Fortunate Life

Facey, A.B. A Fortunate Life. Viking, 1981.

Reason read: we celebrate Veteran’s Day on November 11th. I wanted to celebrate Bert Facey as a veteran of World War I by reading his autobiography.

Facey’s autobiography is broken out into six different parts starting in 1884 and ending in 1976. His life started in tragedy when his father died when he was two years old. He and his siblings were sent to live with their grandparents but their grandfather passed just two years later. Facey’s grandmother tried to keep the family together, but by the time Facey was nine, he was farmed out to another family where he was told lies and horrible abused to the point of near death. By the time he was thirteen, Facey had lived with three different families, each just as terrible as the one before.

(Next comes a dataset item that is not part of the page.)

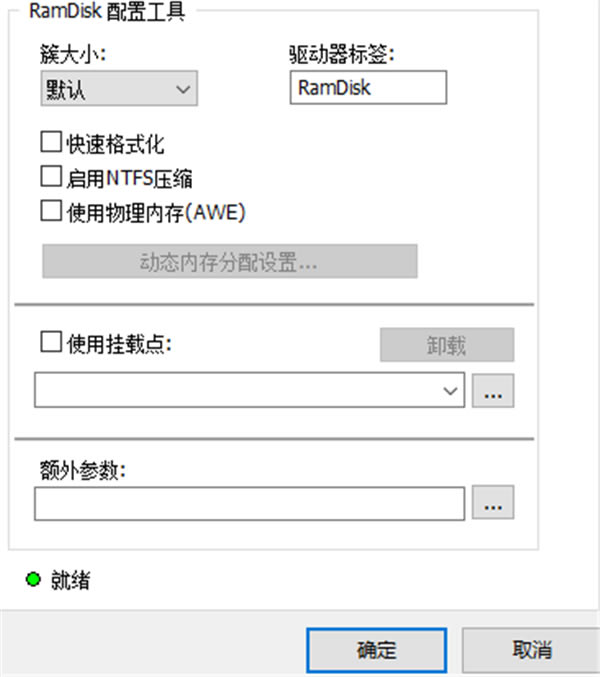 ImDisk Toolkit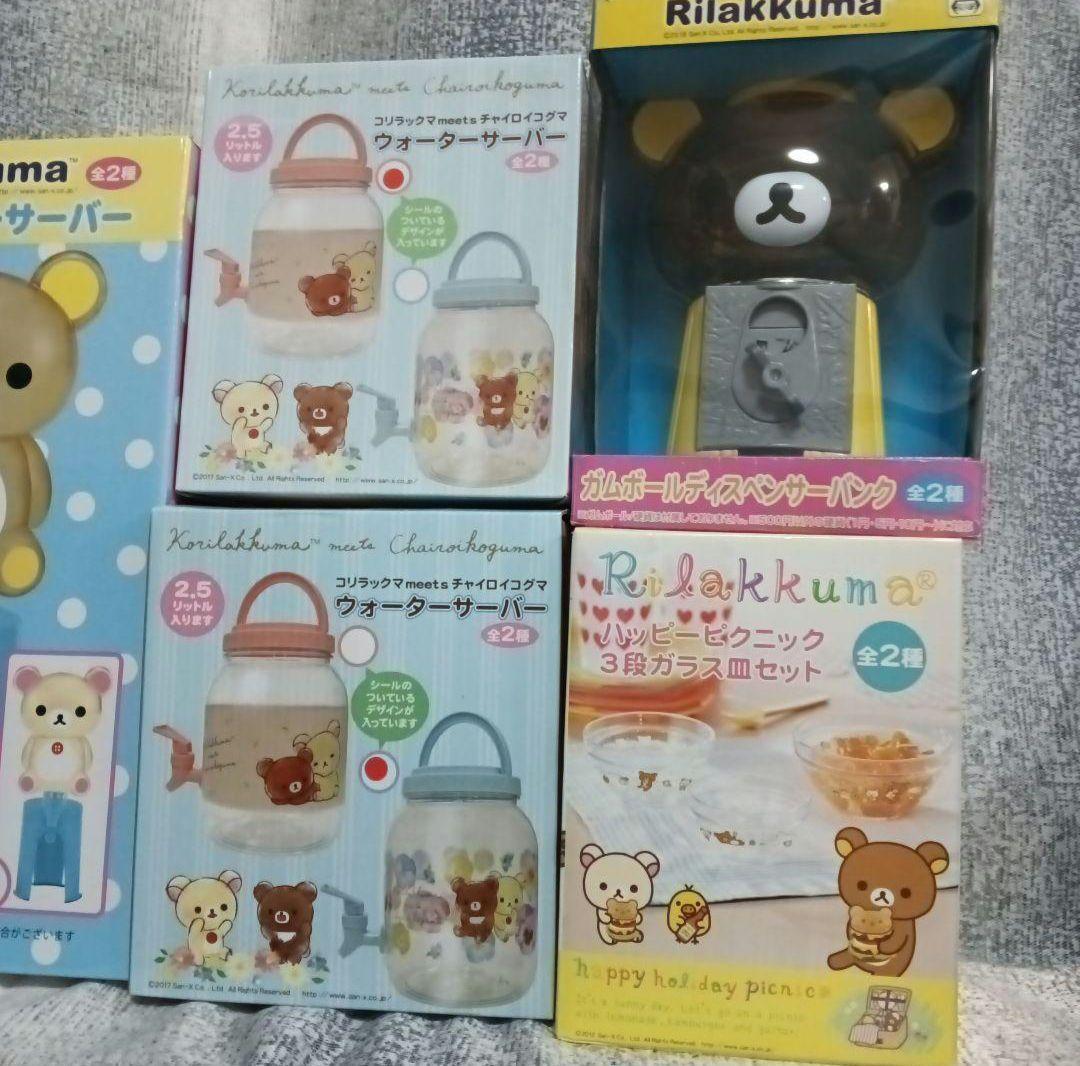 リラックマ　プライズ　まとめ売り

A year later, he started to learn how to read while helping a cattle rancher move his livestock to a different region of Western Australia. Every time, Facey proved to be a hard worker who could learn new skills quickly. Early in his teenaged years, Facey learned these traits were keen survival skills. Knowing how to judge a character was also important to him and saved his life several times over, including when dealing with his money-hungry and manipulative mother or the time he had to fistfight a man three times his size.
True to the memories of the elderly, Facey could recall his childhood clearly and focused more detail on these formative years. His time spent as a boxer, soldier, and employee of a tram company are not as detailed or drawn out. Even his days as a union man and political leader are not given the same attention. His marriage and subsequent fatherhood of eight children are not given a great deal of narrative, either. However, it is interesting to note his remarkable relationship with his wife, Evelyn. As a complete stranger, she sent him socks during his military deployment in Gallipoli. When they met years later, they court, marry, and go on to have several children. Evelyn was his first and only love and they were married for nearly sixty years. Facey ends his autobiography after the event of her death.

Quotes of character, “…I never asked him anything of his business because if he wished to tell me, he would” (p 190) and “A sort of love and trust in one another developed in the trenches” (p 281).

Author fact: Facey lived for nine months after publication of A Fortunate Life. I hope that he was proud of his achievements.

Book trivia: the majority of illustrations in A Fortunate Life are advertisements for products like velvet soap, Oh Boy Brand flour, Mills and Ware biscuits, Amgoorie tea, Hugh Nichols’ suits, Trewhella’s Monkey Grubber (whatever that is), A.W. Barlow Shoe Company, and Colemane & Sons eucalyptus oil. I could go on and on.
A Fortunate Life was made into a television miniseries and there is a short YouTube video about A.B. Facey’s life, as well.

Music: “Son of the Sea”.

BookLust Twist: from Book Lust To Go in the obvious chapter called “Australia: the Land of Oz (nonfiction)” (p 26).